Texte intégral
Copies exécutoiresREPUBLIQUE FRANCAISE
délivrées le :AU NOM DU PEUPLE FRANCAIS
COUR D'APPEL DE PARIS
Pôle 6 - Chambre 6
ARRET DU 29 JUIN 2022
(n° 2022/ , 8 pages)
Numéro d'inscription au répertoire général : N° RG 19/12328 - N° Portalis 35L7-V-B7D-CBEHK
Décision déférée à la Cour : Jugement du 25 Septembre 2019 -Conseil de Prud'hommes - Formation paritaire de MEAUX - RG n° 18/00940
APPELANTE
Madame [V] [O]
[Adresse 2]
[Localité 4]
Représentée par Me Nathalie BAUDIN-VERVAECKE, avocat au barreau de MEAUX
INTIMÉE
SARL TELIMA SGA
[Adresse 1]
[Localité 3]
Représentée par Me Fabrice PERRUCHOT de la SELEURL FABLOI, avocat au barreau de PARIS, toque : J094
COMPOSITION DE LA COUR :
En application des dispositions des articles 805 et 907 du code de procédure civile, l'affaire a été débattue le 16 mai 2022, en audience publique, les parties ne s'y étant pas opposées, devant Madame Nadège BOSSARD, conseillère chargée du rapport.
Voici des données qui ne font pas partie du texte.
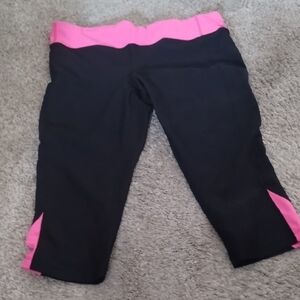Capri Pants        Size Large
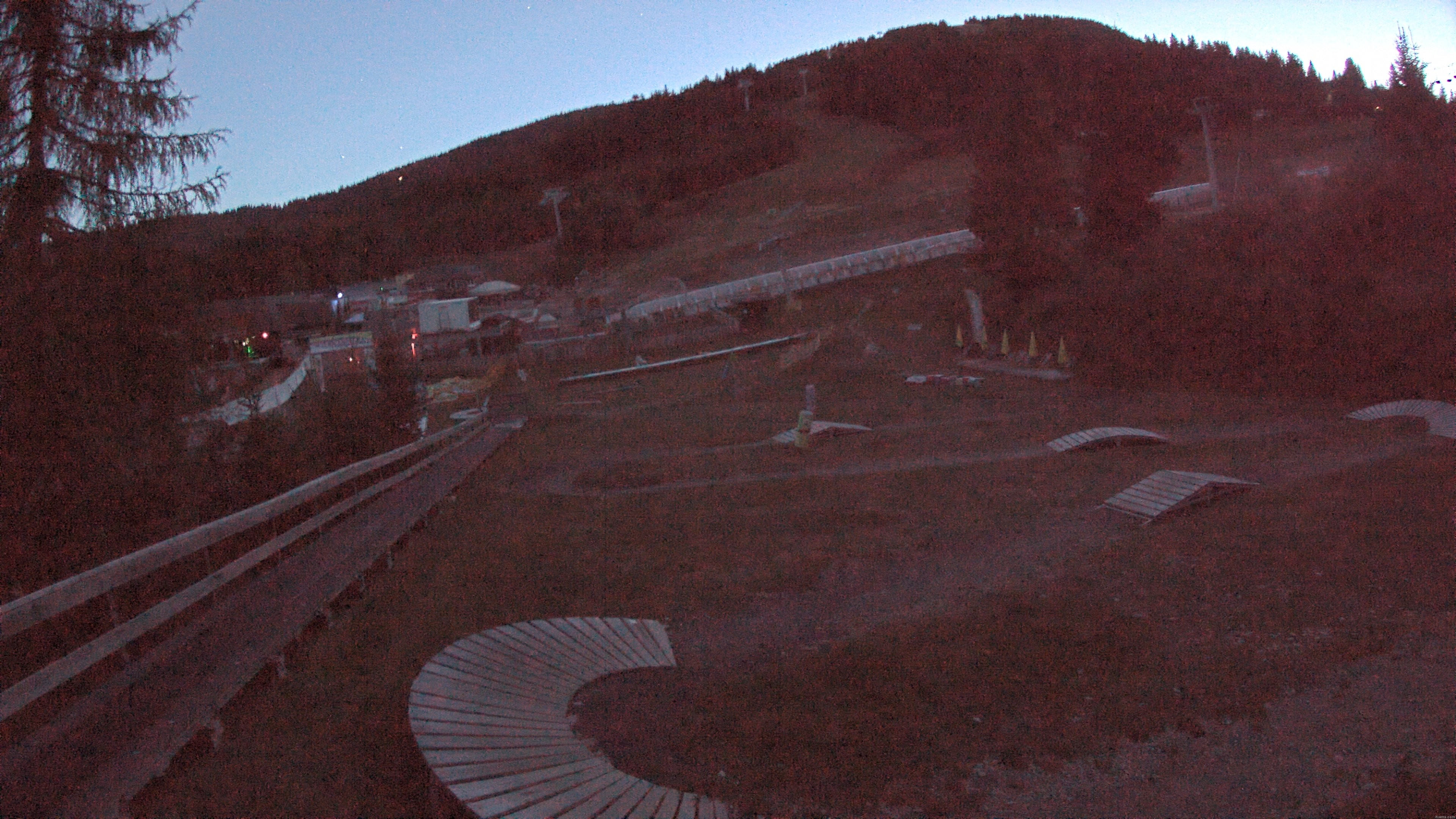 Webcam Kinderland Kanzelbahn (1.440m)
Ce magistrat a rendu compte des plaidoiries dans le délibéré de la Cour, composée de :
Madame Anne BERARD, Présidente de chambre
Madame Nadège BOSSARD, Conseillère
Monsieur Stéphane THERME, Conseiller
Greffier : Madame Julie CORFMAT, lors des débats
ARRÊT :
- contradictoire,
- par mise à disposition de l'arrêt au greffe de la Cour, les parties en ayant été préalablement avisées dans les conditions prévues au deuxième alinéa de l'article 450 du Code de procédure civile,
- signé par Madame Anne BERARD, Présidente de chambre et par Madame Julie CORFMAT, Greffière à laquelle la minute de la décision a été remise par le magistrat signataire.
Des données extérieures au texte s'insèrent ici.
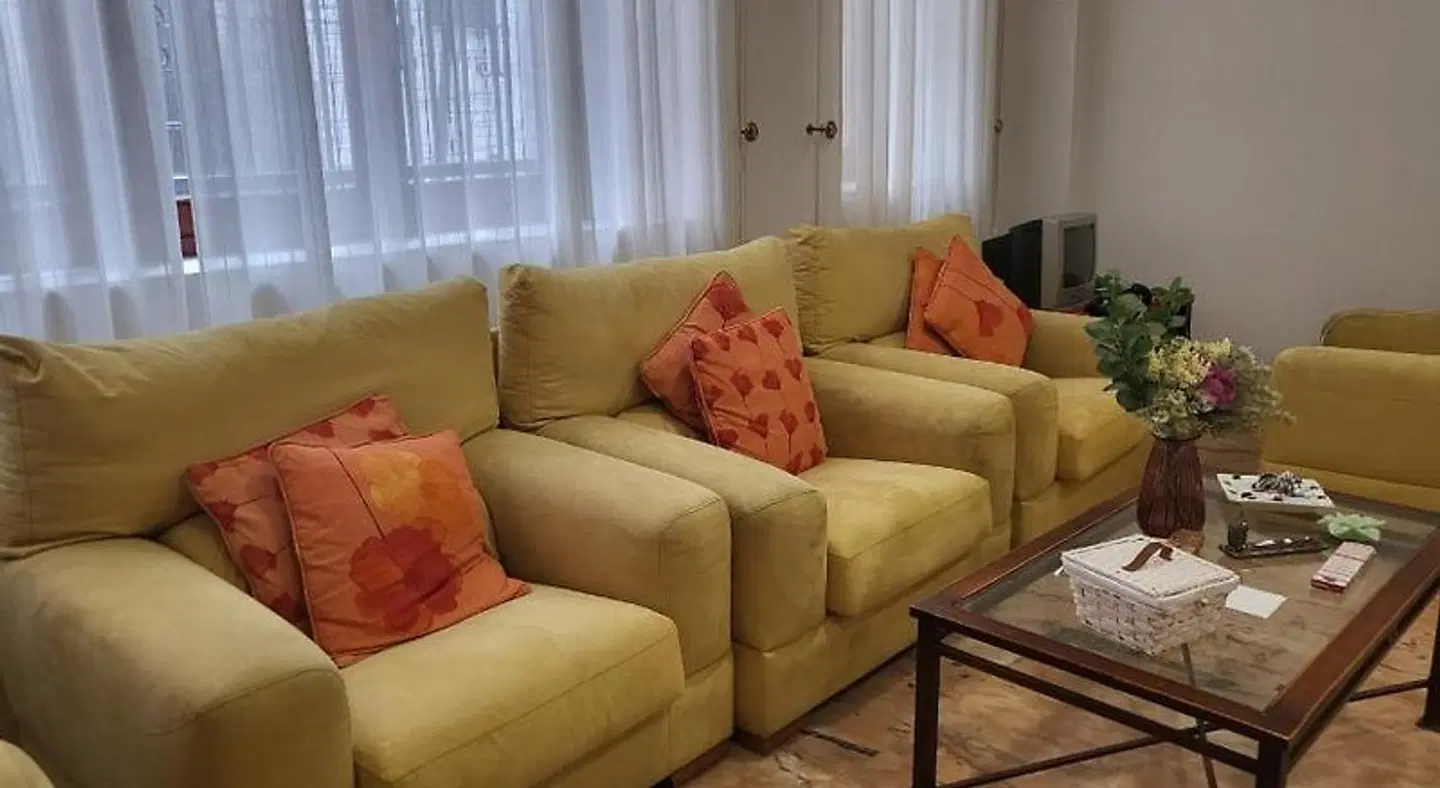 Castilla ROOM_EXAMPLE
RAPPEL DES FAITS ET DE LA PROCÉDURE :
La société Telima SGA exerce une activité de relève des index de consommation de gaz et d'électricité auprès des clients d'ENEDIS et de GRDF.
Mme [V] [O] a été engagée par la société Telima SGA en qualité d'agent releveur, statut employé, niveau II, échelon 1 de la convention collective, coefficient 170, par contrat à durée déterminée d'un mois en date du 1er décembre 2010.
Mme [O] a ensuite été engagée par la société Telima SGA selon contrat à durée indéterminée à compter du 1er janvier 2011 au même poste pour un salaire fixe mensuel brut de 1.343,80 €.
La société Telima SGA emploie plus de 20 salariés.
La convention collective applicable est celle de la Métallurgie de la région parisienne.
A compter du 16 novembre 2016, Mme [O] a été placée en arrêt maladie.
Le 27 décembre 2017, la société Telima SGA a mis en demeure Mme [O] de justifier du motif de son absence depuis le 1er décembre 2017.
Par courrier daté du 4 janvier 2018, Mme [V] [O] a été convoquée à un entretien préalable à un éventuel licenciement devant se dérouler le 15 janvier 2018.
Par lettre adressée du 18 janvier 2018, la société lui a notifié son licenciement pour faute grave à raison d'un abandon de poste depuis le 1er décembre 2017.
Mme [O] a saisi le conseil de prud'hommes de Meaux en contestation de son licenciement.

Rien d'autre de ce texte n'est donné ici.